» Exercise details: Working down the material below, reproduce exactly every line from the one containing "Starting from the" to the last line, and only those.

» Recorded information:

▬▬▬▬▬▬

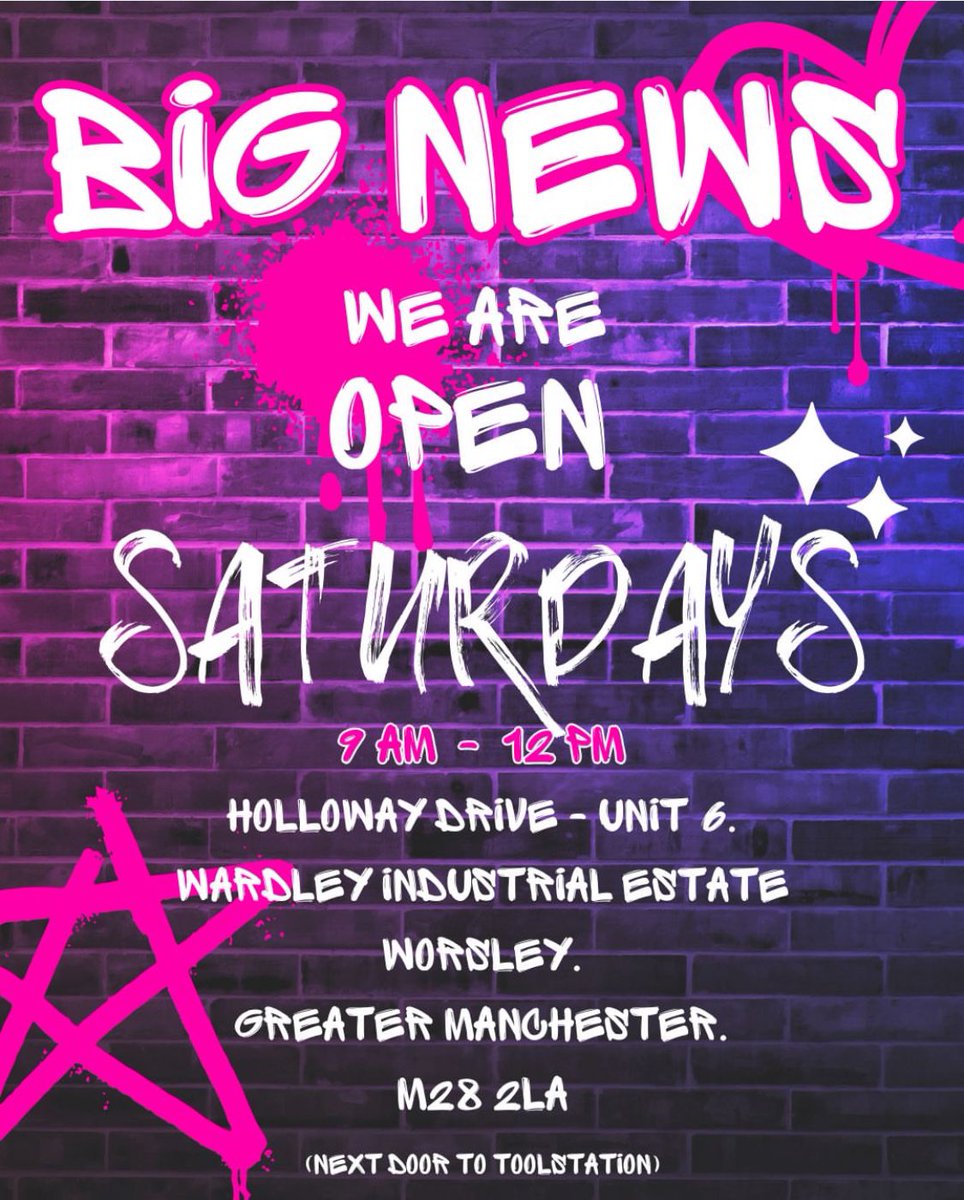 We are now open SATURDAYS! 🌟

Starting from the 22nd of February, we're thrilled to announce we will be open Saturday mornings for all your last minute needs 🛒😍

#tattooeverythingelite #tattoosupplier #tattoo #familyrun #tattooartist #saturdays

▬▬▬▬▬▬

» Expected output:
Starting from the 22nd of February, we're thrilled to announce we will be open Saturday mornings for all your last minute needs 🛒😍

#tattooeverythingelite #tattoosupplier #tattoo #familyrun #tattooartist #saturdays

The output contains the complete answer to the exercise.